Para auxiliar na percepção dos padrões de racionalidade econômica dos agentes, foi utilizada pesquisa bibliográfica produzida pelos “indivíduos eficazes”: produção teórica, palestras em seminários e encontros, entrevistas a jornais e revistas. Também foram realizadas entrevistas presenciais com cinco funcionários aposentados do Banco do Brasil que atuaram na área de crédito rural durante o período selecionado, totalizando 10 horas de gravação. Estes ocuparam cargos de segundo escalão dentro do Banco, atuando em diferentes regiões do país (São Paulo, Minas Gerais, Amazonas, Pará e Rio de Janeiro), hoje residentes em Brasília (DF).

são o objeto de muitos de nossos estudos empíricos da política, movimentos sociais, empresas e mercados” (FLIGSTEIN, 2009, p.72). Para Fligstein (2009), o comportamento dos “atores estratégicos hábeis” varia conforme sua posição no campo como também as mudanças no campo dependem de seu padrão de comportamento.

Com as entrevistas presenciais buscou-se identificar as crenças econômicas que o agente traz incorporada em si acerca do rural e da economia. Apresentaram problematizações importantes para compreender como as disposições individualizadas refletiam ou compunham a estratégia coletiva representada institucionalmente. Assim nos aproximamos das disposições que fundamentavam a crença nos conceitos utilizados e ações praticadas na rotina bancária acerca do crédito rural.

As disposições dos agentes dentro do campo são entendidas como esquemas práticos de pensamento, de percepção e de ação, que por sua vez, sustentam crenças sobre a economia e o rural, produtos de uma longa história coletiva reproduzidas, continuamente, nas histórias individuais. O sentido era de apreender, na expressão utilizada por Bourdieu (2005), as “crenças econômicas” de maior expressão presentes na política de crédito rural naquele período. As entrevistas também foram importantes para construção da formação (gênese) do campo. Além dos dados secundários proporcionados pela pesquisa bibliográfica, elas auxiliaram na percepção de qual era a crença que sustentava a existência do Sistema Nacional de Crédito Rural.

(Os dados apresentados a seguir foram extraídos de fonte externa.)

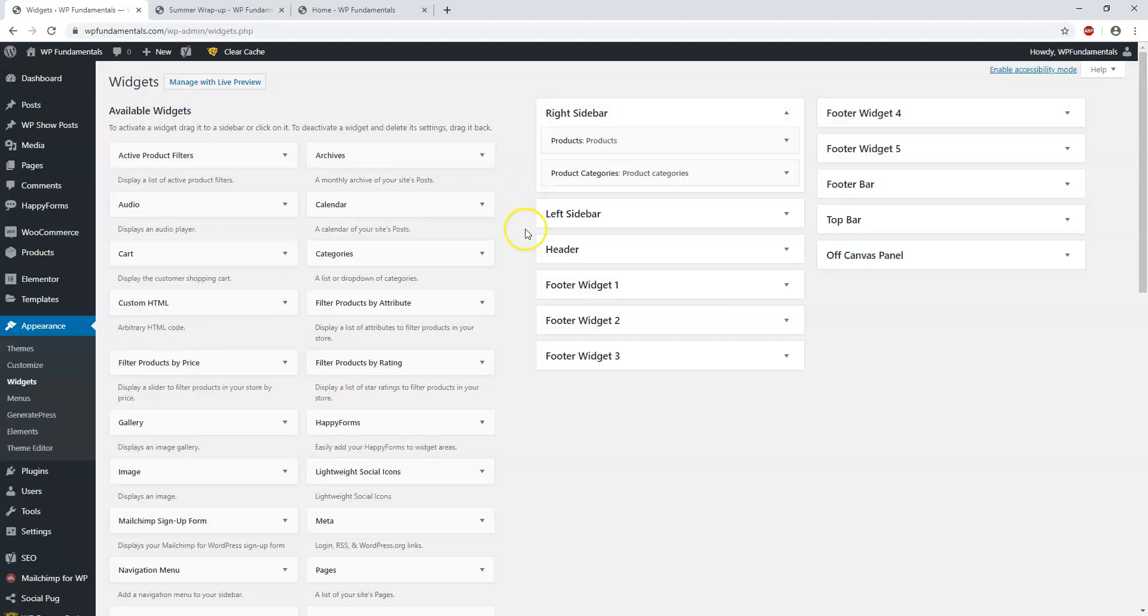Next I'm going to jump into the appearance widgets section here and I'm going to go over some of the widgets on our website and how to use widgets for WordPress.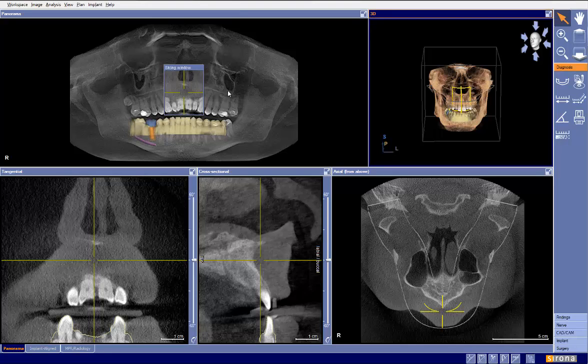We have a case here for implant placement in site number 30. The tooth has been removed — I do not know how long it has been gone for — but it's a healed site, so we don't have any worry about stability or immediate placement issues.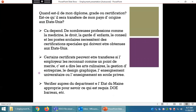Est-ce que mon diplôme, grade ou certification sera transféré de mon pays d'origine aux États-Unis ? Cela dépend. De nombreuses professions comme la médecine, le droit, la garde d'enfants, le conseil et les postes scolaires nécessitent des certifications spéciales obtenues aux États-Unis. Certains certificats peuvent être transférés si l'employeur les reconnaît, comme les arts culinaires, la gestion d'entreprise, le design graphique ou l'enseignement en école privée. Vérifiez auprès du département d'État approprié pour savoir ce qui est requis.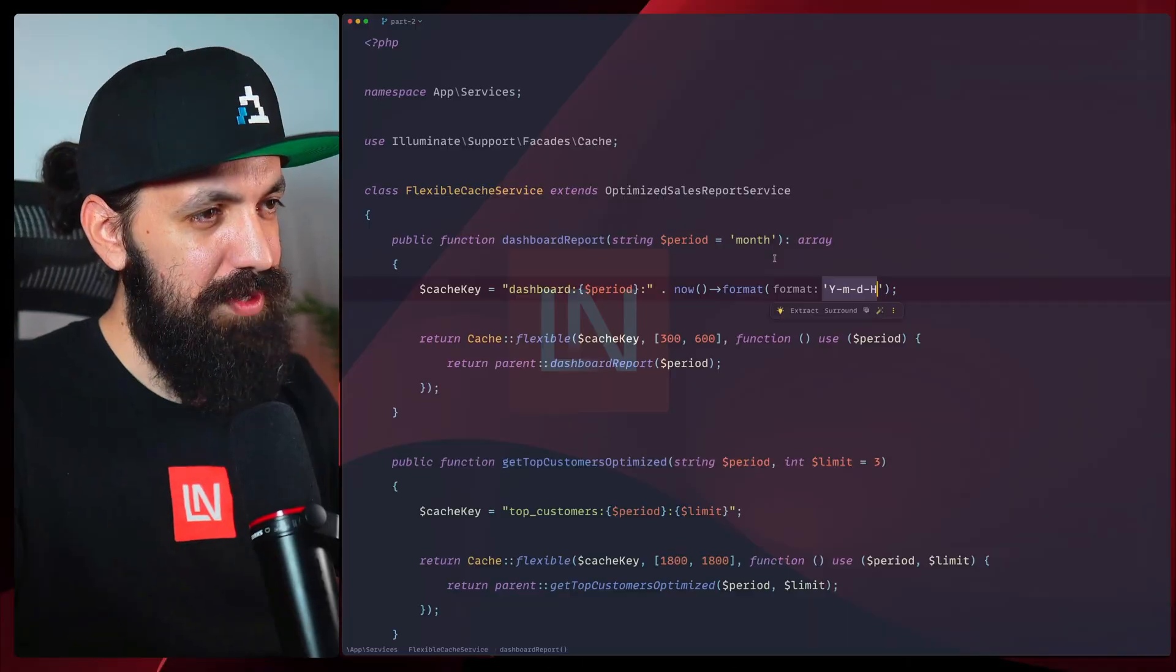So far, we've built this blazing fast cache system that went under 5 milliseconds. But what happens when someone places a new order? I'm Harris from Laravel News, and today we're keeping our cache fresh with smart invalidation. Let's get right to it.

Compreender a gênese social de um campo, e apreender aquilo que faz a necessidade específica da crença que o sustenta, do jogo de linguagem que nele se joga (…) é explicar (…) os atos dos produtores e as obras por eles produzidas (BOURDIEU, 1989, p.64).

Enfim, utilizou-se o tema weberiano das mudanças históricas dos padrões de racionalidade econômica apoiada em elementos da teoria geral dos campos de Bourdieu para identificar o jogo e os conflitos específicos no processo de mudança das crenças e práticas econômicas do crédito rural no Brasil. Ressaltamos a consciência que a dicotomia entre padrões de racionalidade econômica é uma aproximação “tipo ideal” de padrões de disposições econômicas muito fluídas e que se interpenetram, não sendo observável “empiricamente” seus tipos puros.